### WHAT IS BEING ASKED
Pictures excluded, output the lines of the data below between the one holding "Volkswagen T-Cross 1.0" and the one holding "Tirane, shitet apartament", inclusive, exactly as they stand.

### RECORDS SUPPLIED
########################################
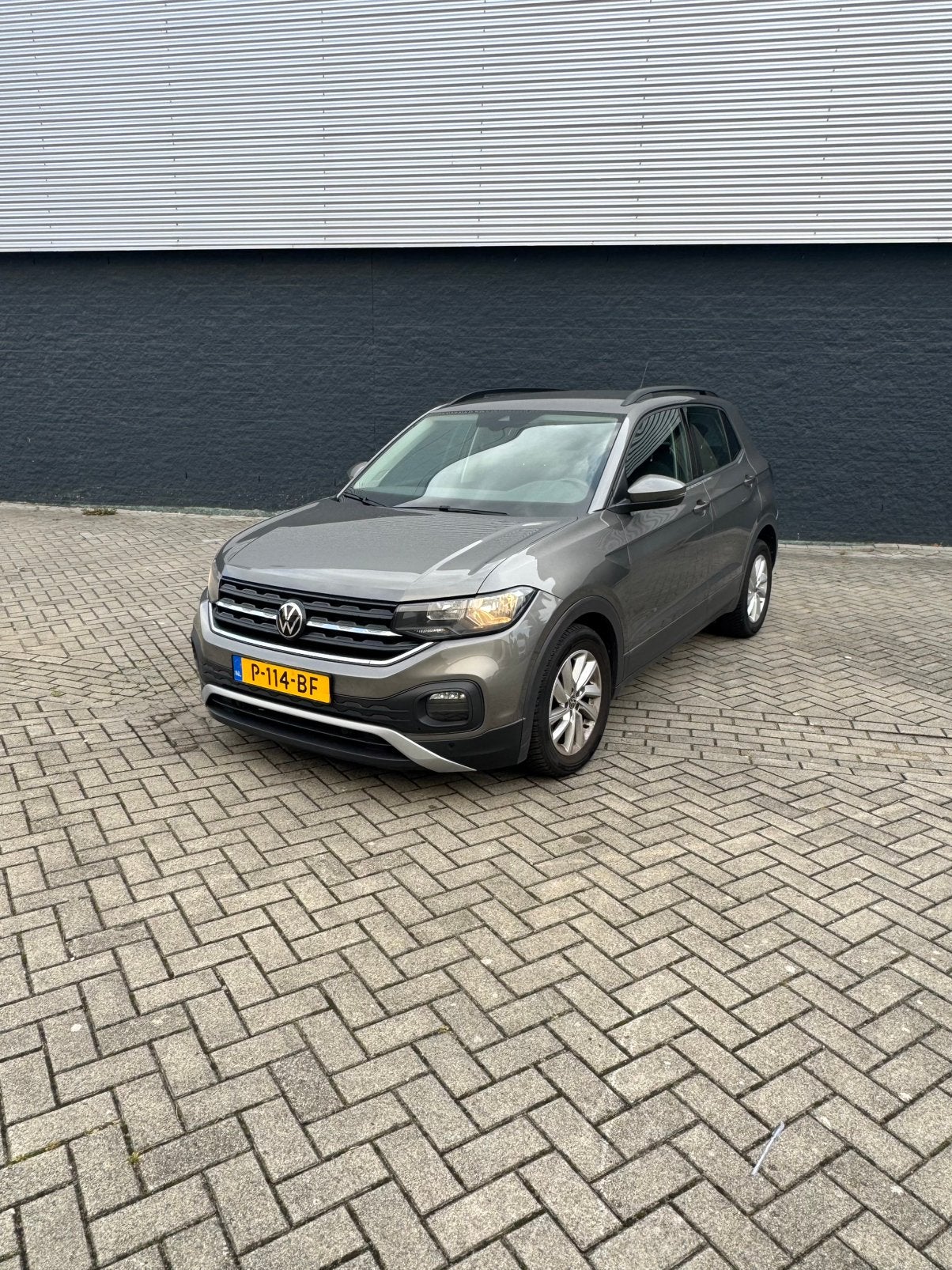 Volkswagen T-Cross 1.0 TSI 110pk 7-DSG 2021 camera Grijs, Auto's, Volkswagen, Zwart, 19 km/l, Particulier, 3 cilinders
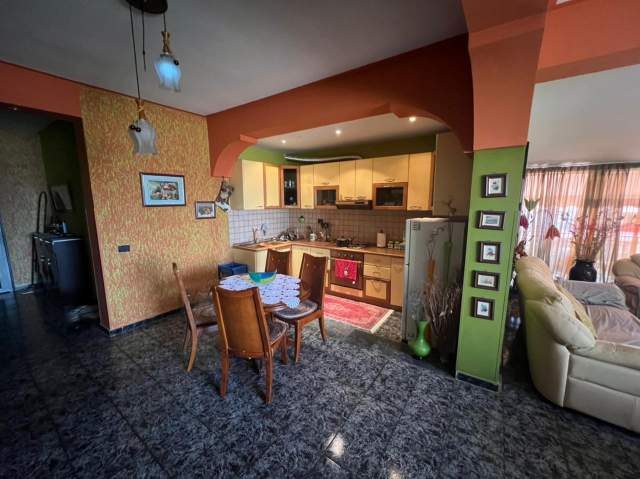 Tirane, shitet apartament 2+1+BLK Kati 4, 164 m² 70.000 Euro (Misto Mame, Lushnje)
########################################
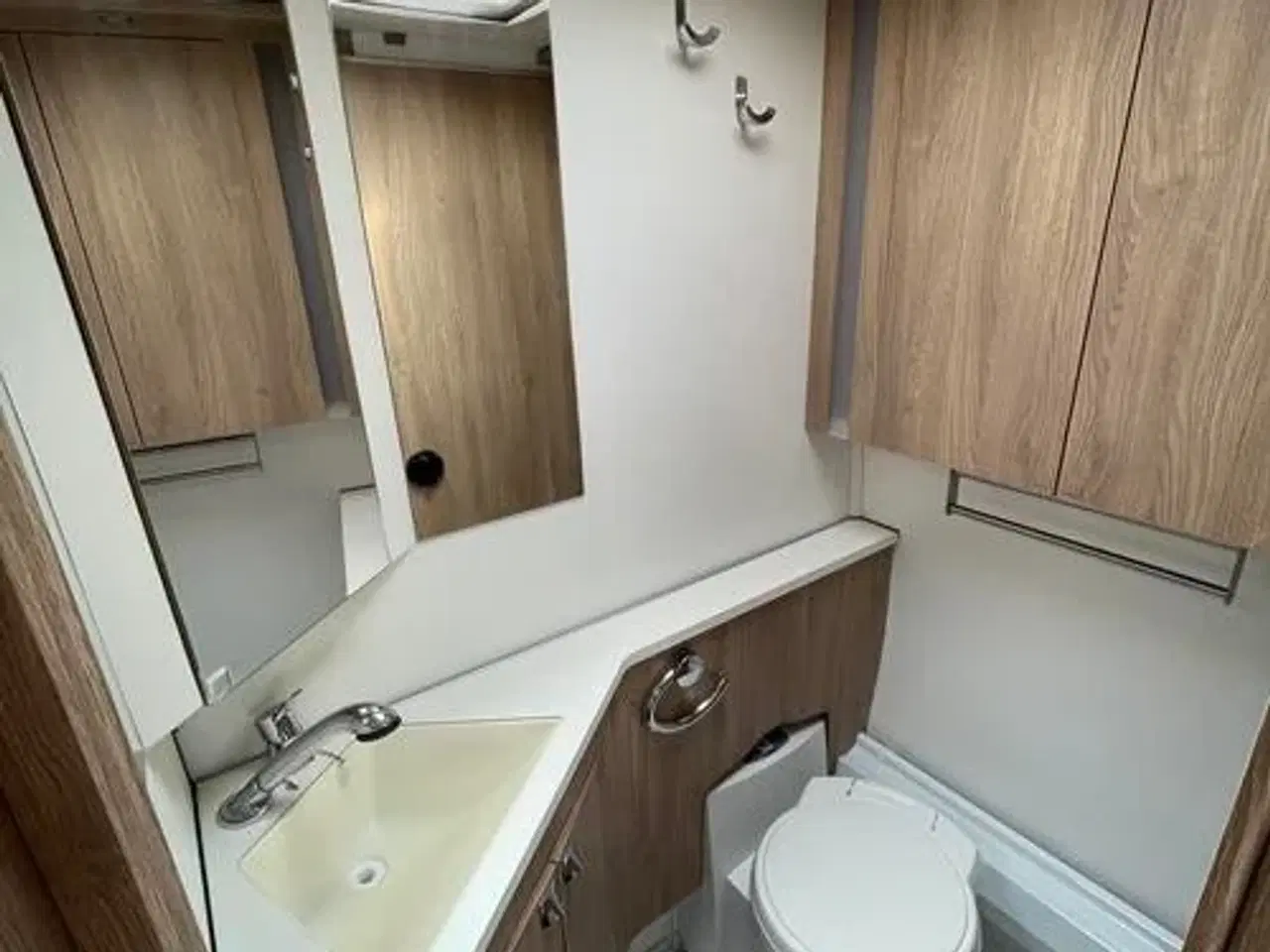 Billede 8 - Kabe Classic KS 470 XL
########################################
### RESPONSE TO THE TASK
 Volkswagen T-Cross 1.0 TSI 110pk 7-DSG 2021 camera Grijs, Auto's, Volkswagen, Zwart, 19 km/l, Particulier, 3 cilinders
 Tirane, shitet apartament 2+1+BLK Kati 4, 164 m² 70.000 Euro (Misto Mame, Lushnje)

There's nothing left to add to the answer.